But I like it because it's kind of fun to use if you are a Python programmer, and you know how to handle Python. It feels so easy and so natural, to go through coding using PyTorch.
This is what I was trying to convey in the book, and first in the blog post. I actually had a good time learning PyTorch in the beginning, because, I don't know, it just feels natural.
Len: Thanks very much for sharing that. And of course we'll have links to the blog post that we mentioned, and everything else in here as well, so you can also get a sense of Daniel's conversational and fun, very fun style. Which you can also see in the About the Book description on the landing page on Leanpub for the book.
It's interesting that there's all these big players like Google and Facebook, making competing things - but that they're also releasing trained models or datasets to other people to use.

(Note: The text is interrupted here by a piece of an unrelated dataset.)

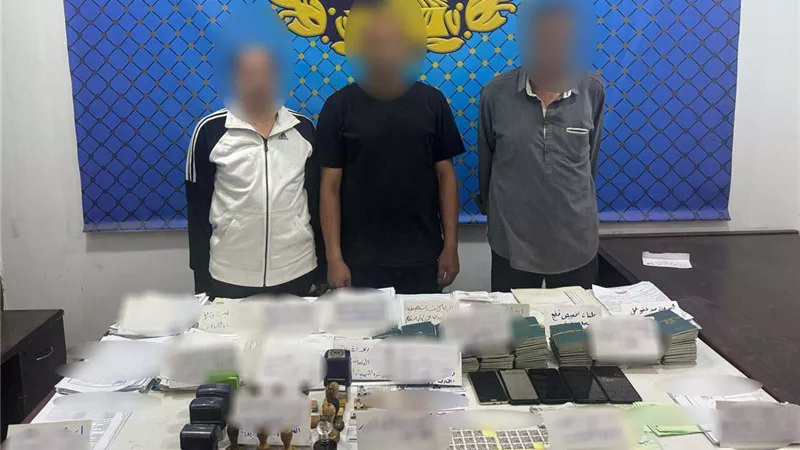ضبط تشكيل عصابي زوّر مستندات رسمية واستولى على أموال المواطنين بالقاهرة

Probably most people who pay attention to some of this stuff in the press, will know about giving one of these models a set of pictures, some of which are cats. And then, what it does is it runs various algorithms, and learns to identify which images are cats. And so it can run some simulation, or some effort to identify what are cats.

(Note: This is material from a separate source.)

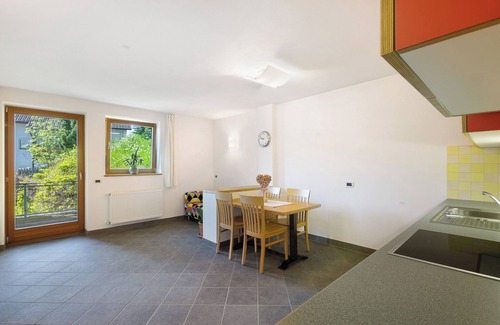 Mareo Apartment | Apartment 'A' with Mountain View, Balcony and Wi-Fi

And it can check against, "Well, how many of my guesses were correct, and how many were false?" And blah, blah. Then it can iterate, and it can get better.
But basically, what the algorithms are doing, is looking for correlations in the data - generally speaking, if I understand it correctly? I mean, I'm sure that's a big oversimplification.
Daniel: It's not so much as correlations, but I mean - this is tricky to explain, especially if you don't have a way to show people what's happening. But, well - basically what happens is you map - in this case, an image - right? Or the feature that you're using in the model. It will have a gigantic dimension in space, right? Because you have like two-dimensional, that we can see and plot nicely.
And if you have four-dimensional, where it just starts getting weird, and then - there is this joke that, "Okay, how do you imagine something in 14 dimensions? You just close your eyes, say '14' really loud - and then go." But that's silly.
Then when you talk about deep learning models, they have like millions and millions of parameters. That will be millions of dimensions. And that's impossible to visualize, or to even understand what's going on in a visual way.
But the idea is that all these instances, this image - let's say that you're doing cats happy or unhappy, like I was saying - what will happen is that the happy cats, they will be mapped into a region of these crazy dimensions in space. And the unhappy cats will be mapped to a different region.
Now, if you were saying this will be like three-dimensional, you have like a bowl, right? And then you see on the left side of your bowl, there are the happy cats. On right side of the bowl, there are the unhappy cats. And then maybe, if you've got a well-trained model and it's easy enough, you can cut the bowl in half - and you have happy cats on one side, unhappy on the other. That's an oversimplification, but the idea is that you're going to separate them. It's not so much about correlation, but about mapping into these dimensions, multi-dimensional spaces.
It's weird. Just describing it feels weird. If I can draw this like I do to the students, it helps.
Len: I really love, personally, weird descriptions of things. Because they remind you that, even though you may be someone like me, who's read a lot of articles about this kind of thing, you really don't understand it. And just giving you a sense that there's this - what to you is a mystery, there's something solid behind it. But it has to be presented to you as a mystery, because you don't understand it.
It's interesting too, because I mean, of course - other things that people will be familiar with - the news about these kinds of models, is sometimes they can make mistakes, for example. They can identify people of a certain race as being more likely to do X, Y, and Z for all kinds of reasons that have nothing to do with race whatsoever. If there's bad data, basically, you can get bad results. And so you have to be careful about that.
But another very interesting, and in its own way, kind of controversial application, are self-driving vehicles. I know that, for example, Tesla uses PyTorch. And in this case, it's not happy cat or sad cat, it's like, "cyclist" or "street sign."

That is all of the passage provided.